- [WHAT IS BEING ASKED]
Write out word for word the lines from the one holding "גזעי הכלבים החדשים" through the end of the data, and only those lines. Pictures stay out.

- [INFORMATION SHOWN]

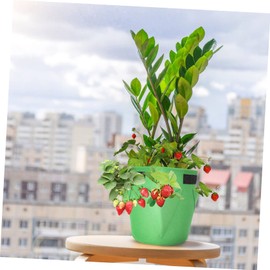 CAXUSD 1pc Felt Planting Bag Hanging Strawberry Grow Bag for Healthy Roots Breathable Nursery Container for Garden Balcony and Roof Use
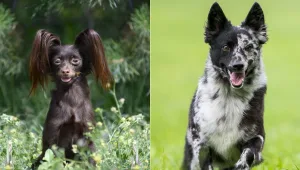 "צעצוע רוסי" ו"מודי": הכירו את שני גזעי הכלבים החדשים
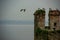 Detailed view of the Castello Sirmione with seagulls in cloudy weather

- [ANSWER TO THE PROBLEM]
 "צעצוע רוסי" ו"מודי": הכירו את שני גזעי הכלבים החדשים
 Detailed view of the Castello Sirmione with seagulls in cloudy weather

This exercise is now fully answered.